◆ What you should do
Retype the whole listing, character for character.

◆ Source data
┌──

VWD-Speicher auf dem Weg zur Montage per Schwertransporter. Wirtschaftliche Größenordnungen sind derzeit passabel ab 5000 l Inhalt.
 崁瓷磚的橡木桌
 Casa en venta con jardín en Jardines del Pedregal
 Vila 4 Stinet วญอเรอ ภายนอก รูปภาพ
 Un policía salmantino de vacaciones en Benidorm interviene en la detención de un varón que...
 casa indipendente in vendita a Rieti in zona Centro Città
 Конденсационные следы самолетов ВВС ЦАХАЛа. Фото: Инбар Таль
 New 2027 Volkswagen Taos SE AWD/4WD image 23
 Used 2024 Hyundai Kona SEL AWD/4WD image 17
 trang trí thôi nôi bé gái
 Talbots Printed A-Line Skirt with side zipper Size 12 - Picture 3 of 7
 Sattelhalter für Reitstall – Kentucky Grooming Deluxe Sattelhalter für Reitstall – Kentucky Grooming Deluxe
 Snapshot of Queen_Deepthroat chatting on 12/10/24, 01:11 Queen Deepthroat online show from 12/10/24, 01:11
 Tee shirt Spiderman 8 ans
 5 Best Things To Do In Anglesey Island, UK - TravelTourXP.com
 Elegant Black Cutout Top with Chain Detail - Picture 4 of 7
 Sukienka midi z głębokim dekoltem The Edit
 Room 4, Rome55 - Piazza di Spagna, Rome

└──

◆ Response box
VWD-Speicher auf dem Weg zur Montage per Schwertransporter. Wirtschaftliche Größenordnungen sind derzeit passabel ab 5000 l Inhalt.
 崁瓷磚的橡木桌
 Casa en venta con jardín en Jardines del Pedregal
 Vila 4 Stinet วญอเรอ ภายนอก รูปภาพ
 Un policía salmantino de vacaciones en Benidorm interviene en la detención de un varón que...
 casa indipendente in vendita a Rieti in zona Centro Città
 Конденсационные следы самолетов ВВС ЦАХАЛа. Фото: Инбар Таль
 New 2027 Volkswagen Taos SE AWD/4WD image 23
 Used 2024 Hyundai Kona SEL AWD/4WD image 17
 trang trí thôi nôi bé gái
 Talbots Printed A-Line Skirt with side zipper Size 12 - Picture 3 of 7
 Sattelhalter für Reitstall – Kentucky Grooming Deluxe Sattelhalter für Reitstall – Kentucky Grooming Deluxe
 Snapshot of Queen_Deepthroat chatting on 12/10/24, 01:11 Queen Deepthroat online show from 12/10/24, 01:11
 Tee shirt Spiderman 8 ans
 5 Best Things To Do In Anglesey Island, UK - TravelTourXP.com
 Elegant Black Cutout Top with Chain Detail - Picture 4 of 7
 Sukienka midi z głębokim dekoltem The Edit
 Room 4, Rome55 - Piazza di Spagna, Rome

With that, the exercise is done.